> _What the task requires_
Return only the lines of the data below from the line with "So whenever you" up to and including the line with "So before we", exactly as written, with the pictures omitted.

> _Records provided_
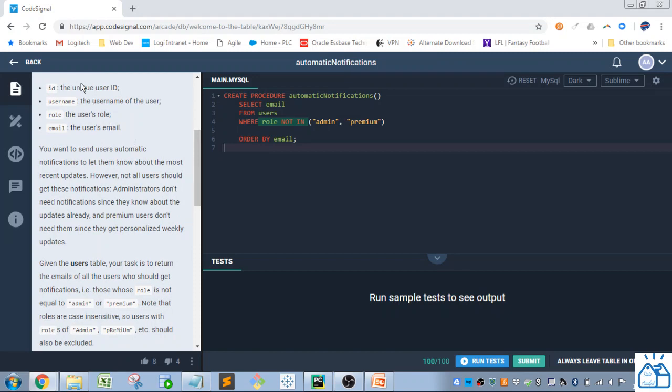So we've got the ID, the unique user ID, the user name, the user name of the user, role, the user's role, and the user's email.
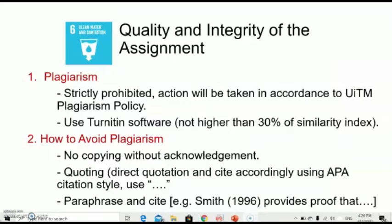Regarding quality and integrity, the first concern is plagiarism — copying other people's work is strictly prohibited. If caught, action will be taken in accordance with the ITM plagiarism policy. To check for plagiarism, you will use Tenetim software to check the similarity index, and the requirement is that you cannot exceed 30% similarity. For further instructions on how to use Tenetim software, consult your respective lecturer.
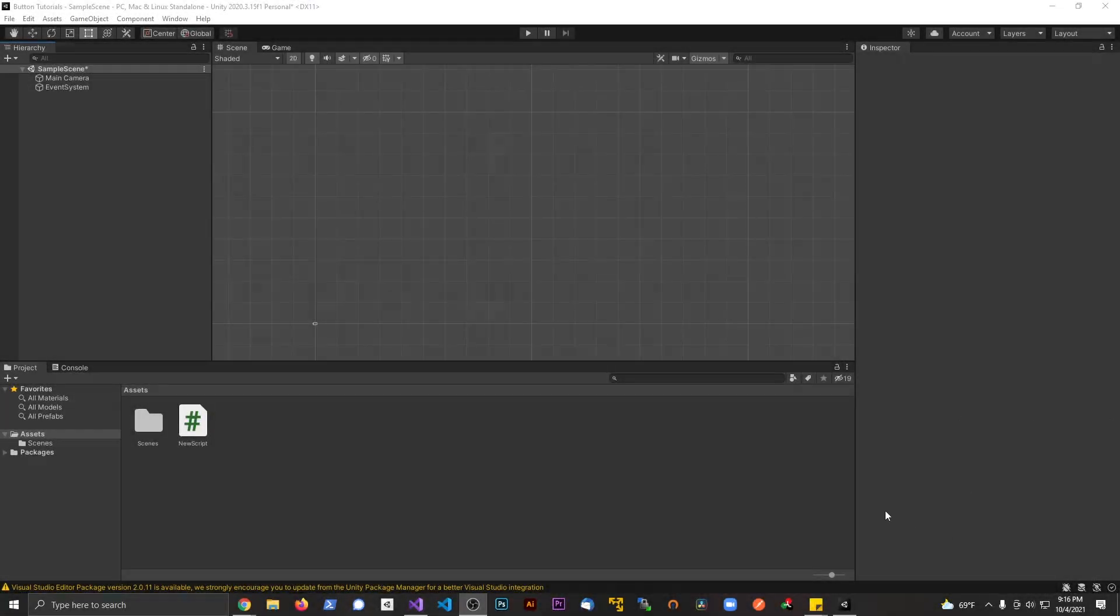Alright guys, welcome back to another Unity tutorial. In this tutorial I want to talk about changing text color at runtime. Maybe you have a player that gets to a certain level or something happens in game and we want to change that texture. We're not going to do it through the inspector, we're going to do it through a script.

...

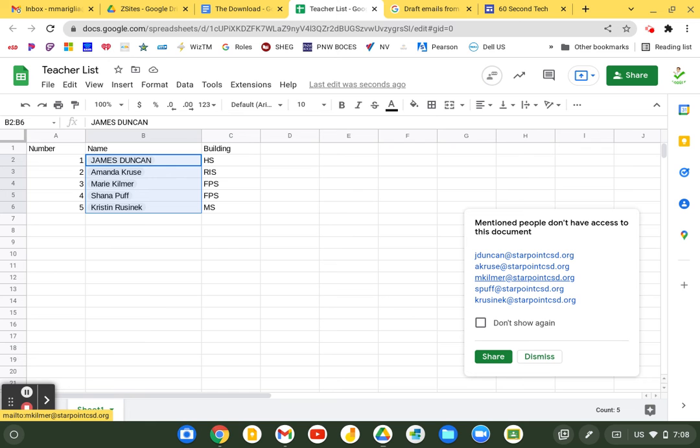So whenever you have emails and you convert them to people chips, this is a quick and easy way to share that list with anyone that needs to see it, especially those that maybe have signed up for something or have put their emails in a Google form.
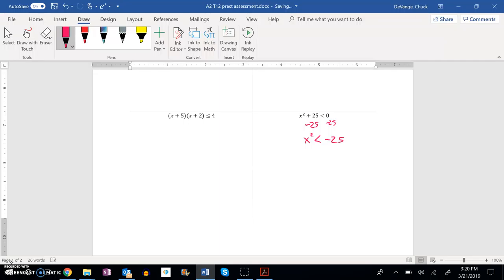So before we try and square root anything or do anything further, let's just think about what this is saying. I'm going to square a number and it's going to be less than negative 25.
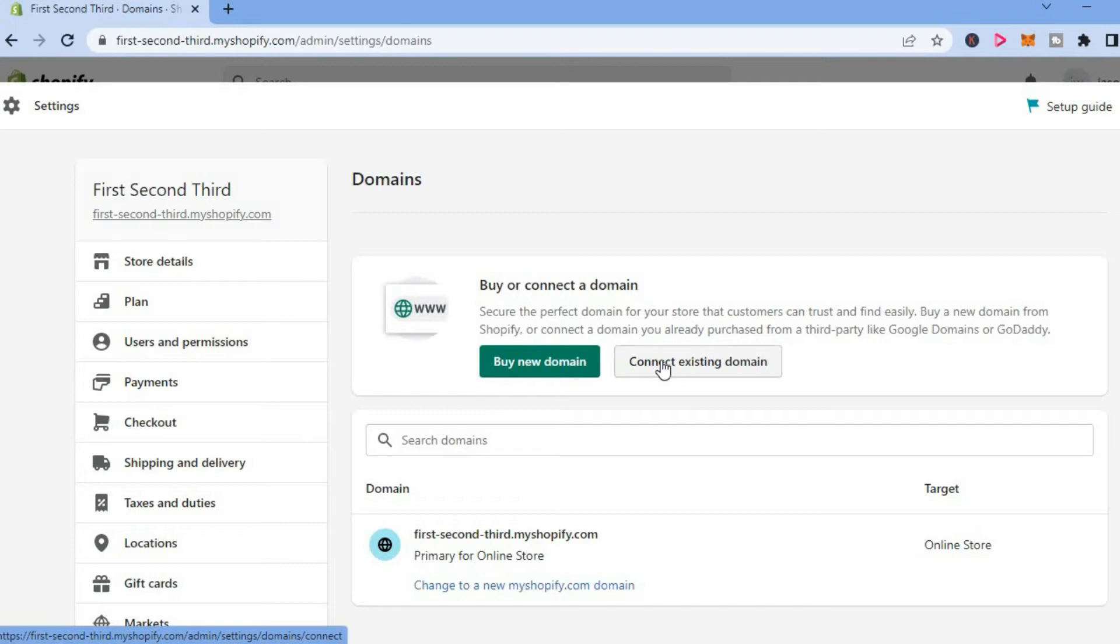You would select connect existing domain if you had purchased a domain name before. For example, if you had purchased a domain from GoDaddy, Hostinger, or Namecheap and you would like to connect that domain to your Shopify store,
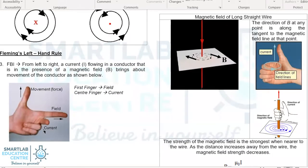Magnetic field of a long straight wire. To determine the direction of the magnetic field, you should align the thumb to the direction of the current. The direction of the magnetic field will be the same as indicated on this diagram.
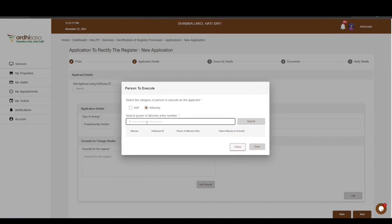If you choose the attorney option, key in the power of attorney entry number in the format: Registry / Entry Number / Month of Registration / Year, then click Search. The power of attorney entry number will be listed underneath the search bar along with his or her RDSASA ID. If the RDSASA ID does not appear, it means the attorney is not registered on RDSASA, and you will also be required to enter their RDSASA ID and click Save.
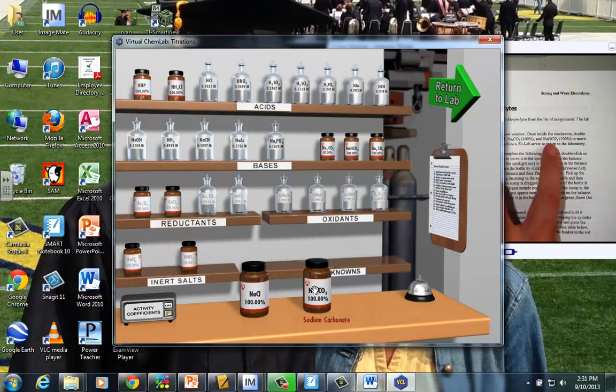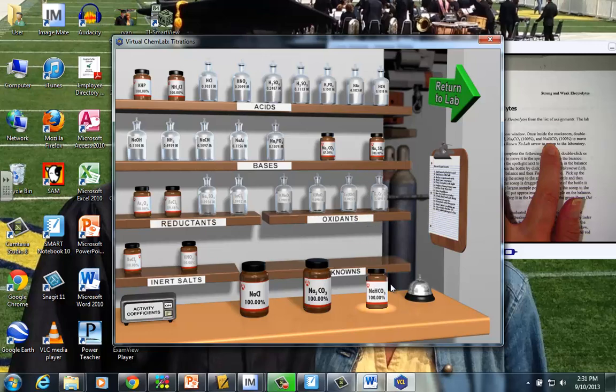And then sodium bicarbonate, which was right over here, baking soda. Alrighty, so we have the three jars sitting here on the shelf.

> _Result for this exercise_
So whenever you have emails and you convert them to people chips, this is a quick and easy way to share that list with anyone that needs to see it, especially those that maybe have signed up for something or have put their emails in a Google form.
So before we try and square root anything or do anything further, let's just think about what this is saying. I'm going to square a number and it's going to be less than negative 25.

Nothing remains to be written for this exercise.